So I should be able to use that node with Nami right? However when I make a transaction it fails like this. I’m sorry I have no idea what this is supposed to mean. Could somebody help me pointing out the steps I have to complete for this setup to be running?
Cardanoscan (the transaction number above is linked to it) says that it really should be there, but your node does not seem to know it. That’s why I would conclude not fully synced.
You can do cardano-cli query tip --mainnet to see the sync status.
Perhaps, you have to do export CARDANO_NODE_SOCKET_PATH="/run/cardano-node/socket" before that, so that cardano-cli knows, where to find the node.
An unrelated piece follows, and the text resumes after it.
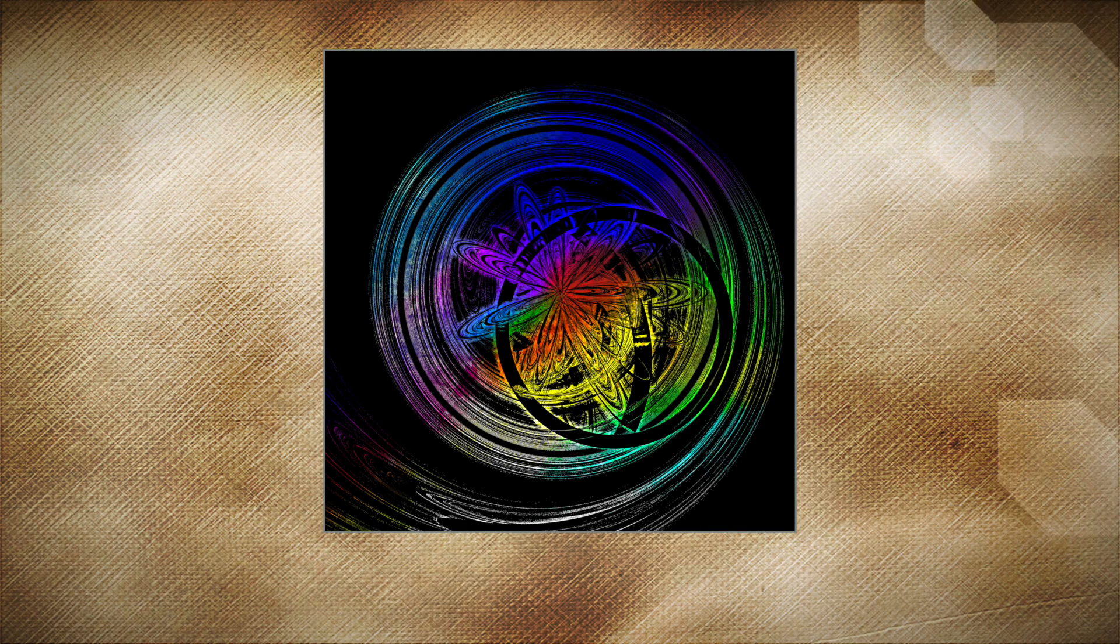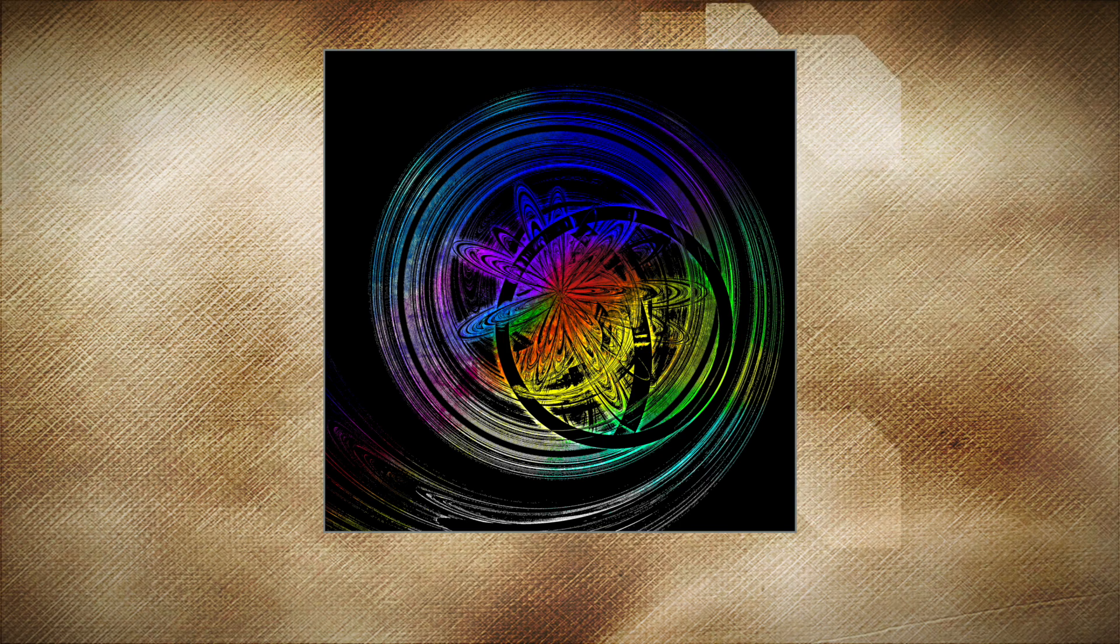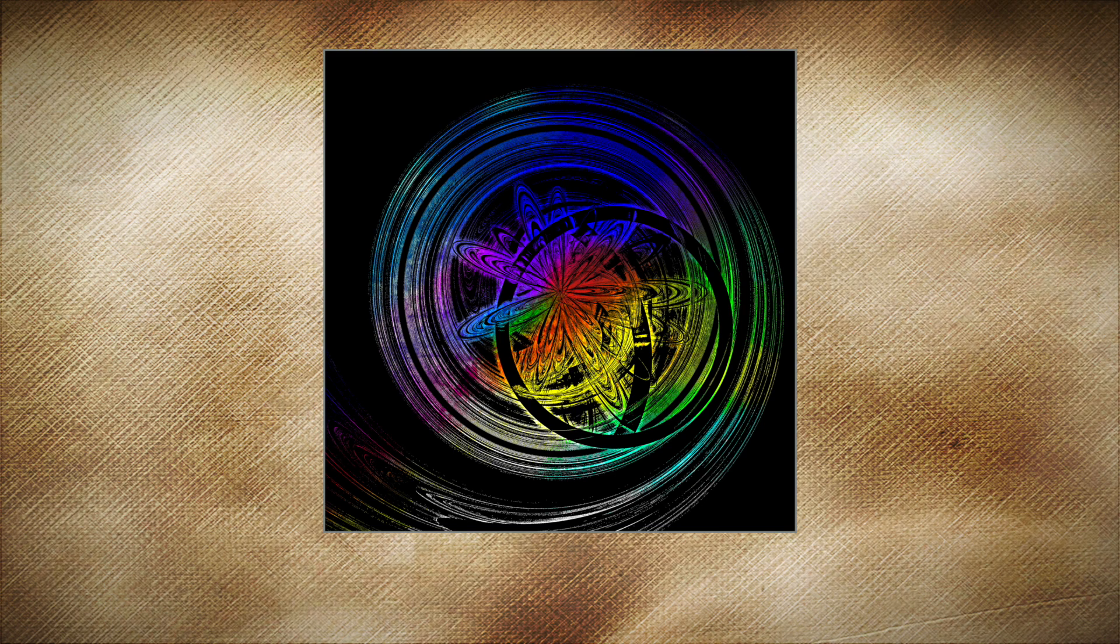What's so amazing that keeps us stargazing, and what do we think we might see?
Thanks you are right! I thought it was done since I synced for 1.5 days and the db folder size didn’t change in hours. It’s at 99.7%.
Sorry I know this is offtopic but I have also a minor issue with users. I currently have a user that’s in the group cardano and I set the same permissions for owner and group. However the socket file might reset after restart leading to a permission error for the socket. I’m thinking my approach to manage the users might be flawed. Is there a best practice for this issue?
Could be stuck. Check if the cardano-cli query tip --mainnet output changes at all. At least, slots and blocks should change. Percentages change very slowly in the more recent, more crowded part of the chain.
Sorry, I don’t know. I just let the node and cardano-cli run as the same user.
It seems to create the socket with rwxr-xr-x. So, the group wouldn’t be allowed to write to it. But this might be because of my umask set to 0022.
To let the recreated socket be writable by a specific group, maybe ACLs would help. I’m doing that for things on my web server (files belonging to the user’s group, but also accessible, partly writable by www-data, which is the group the web server runs in).